Because it would be inefficient to access through this structure and to build up the memory transaction objects for the memory access interface for every memory access (including fetches), the translations are cached in an Address Translation Cache. The ATC maps virtual to host address for RAM and ROM only. Note that there are six ATCs: one each for read, write and execute operations, and in different variants for user and supervisor privileges.

Memory may have attributes set in some cases (such as for example breakpoints, watchpoints and SEU bits). If memory attributes are set on a page, that page cannot be put into the ATC. Therefore, attribute bits should be set only in exceptional cases.

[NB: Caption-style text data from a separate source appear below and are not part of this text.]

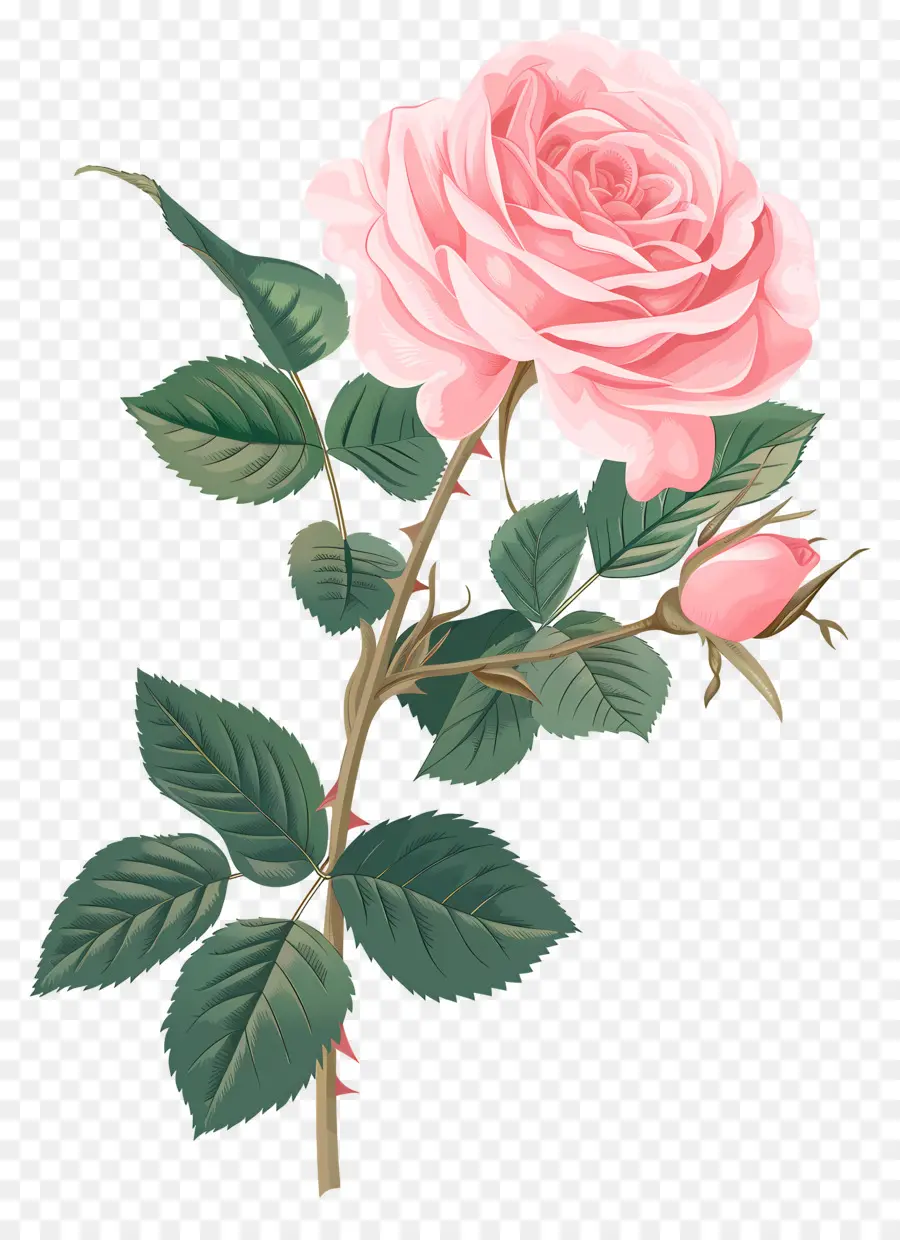 Fleur Rose，Rose Rose PNG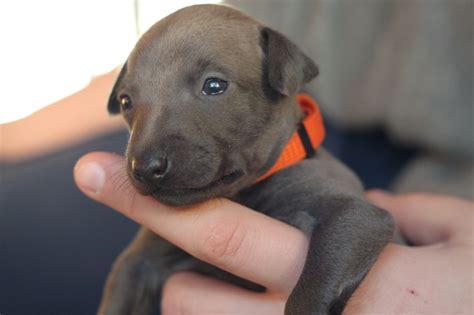 We are offering affordable puppies for families who want all the amazing traits of this bread but do not want the high cost of a registered dog. ITALIAN GREYHOUND PUPPY FOR SALE | Corby, Northamptonshire ...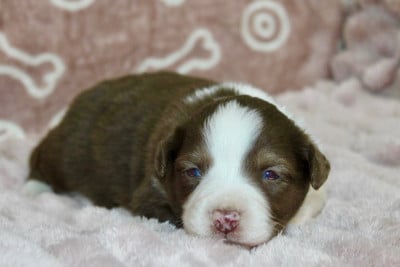Les chiots de Berger Américain Miniature 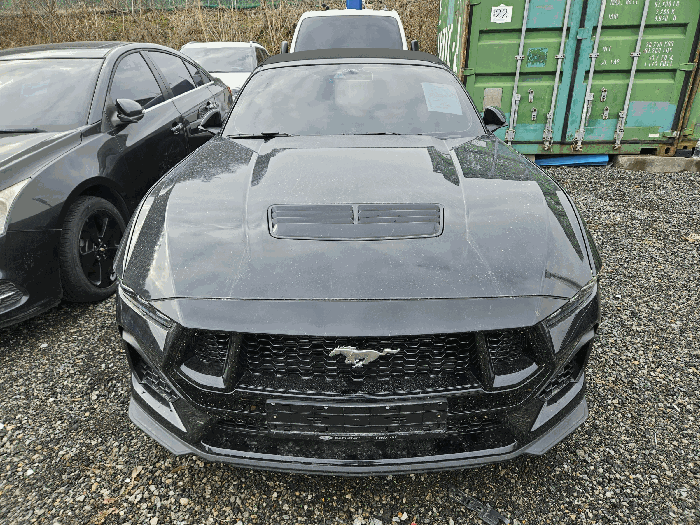 포드 Mustang GT 5.0L Convertible 2024년식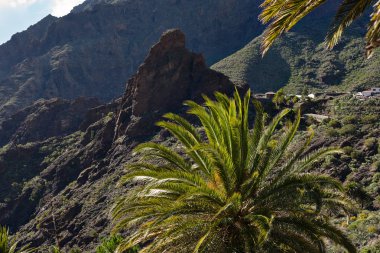 Tenerife şehrindeki masca Gorge. Palmiye ağaçları dağlarda.
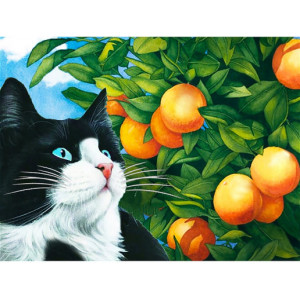 Картина по номерам "Взгляд кошки"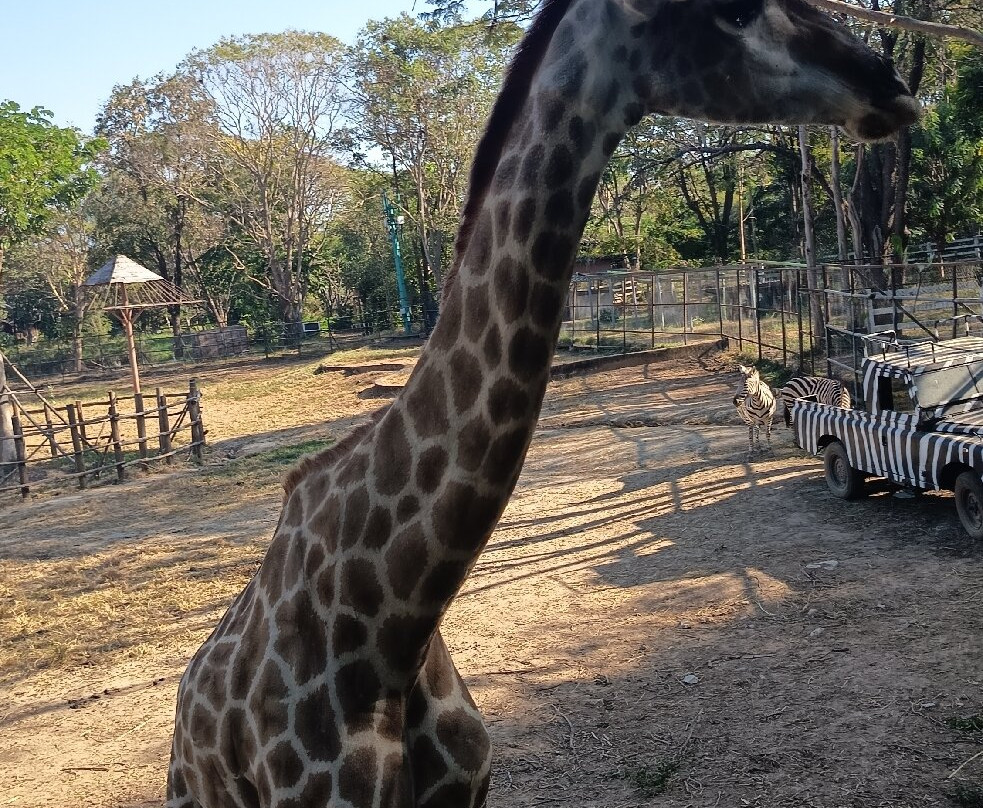 The Bonanza Exotic Zoo-北冲县必去景点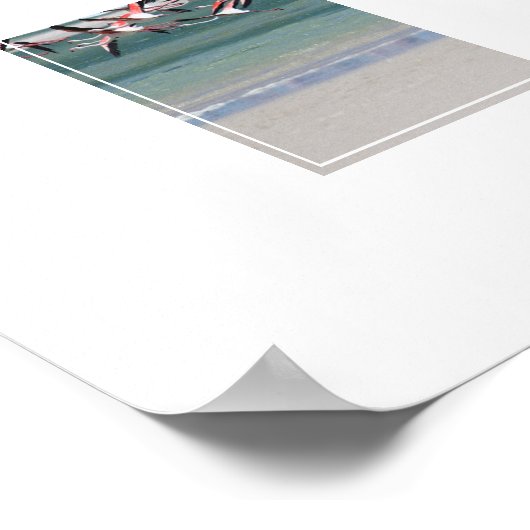 Poster-Flamingos Poster (Ecke)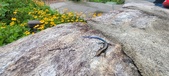 Enlarge photo 246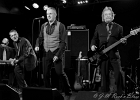 20181004-IMG 0333  Red (chant, harmonica), Jacker (guitare), Toma (basse), Guillermo (batterie), Ben (claviers) : 2018, CONCERT, NEW MORNING, SHAGGY DOGS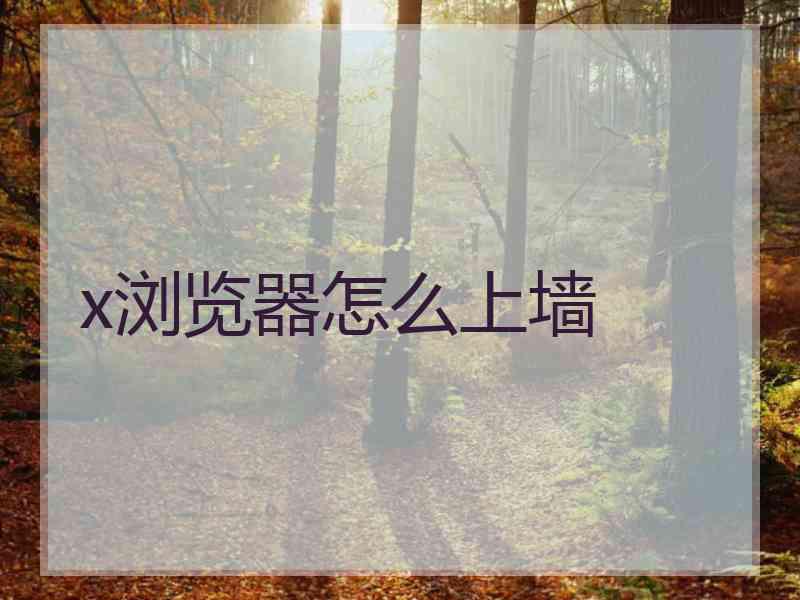 x浏览器怎么上墙
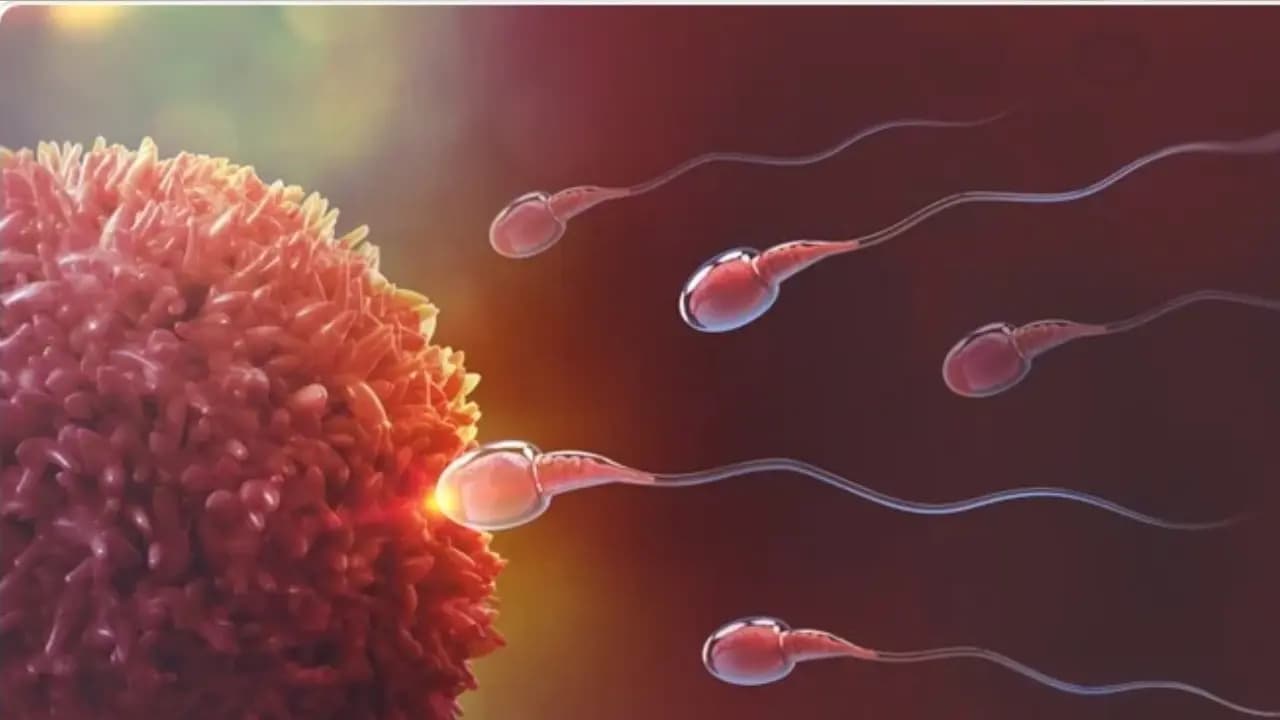 Men Fertility Risk: Mobile phone in the pocket, laptop on the lap! Is this habit reducing fertility?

To map an object in memory, there are two alternatives, one is to use the command line interface command memory-map. The other is to use the function temu_memoryMap().

Memory Transactions

Memory transactions are passed through the memory space via the temu_MemAccessIface interface. The memory hierarchy may need to pass along a lot of data for the simulation, so memory transactions are rather large objects that are passed as pointers.

By passing transaction objects around, users always have access to both virtual and physical addresses.

The memory transaction object contains a Value field. The field is 64 bit (8 byte) in size, however the data unit passed in those 64 bits can be either 1, 2, 4 or 8 bytes. The data unit is encoded in the Size field’s lower two bits using the log-size of data unit size:

0: 1-byte transaction
1: 2-byte transaction
2: 4-byte transaction
3: 8-byte transaction

Large Transactions

Large transactions are special transactions where more than one data unit is transferred. Devices can opt-in to large transactions by setting the LargeTransactions in its capabilities.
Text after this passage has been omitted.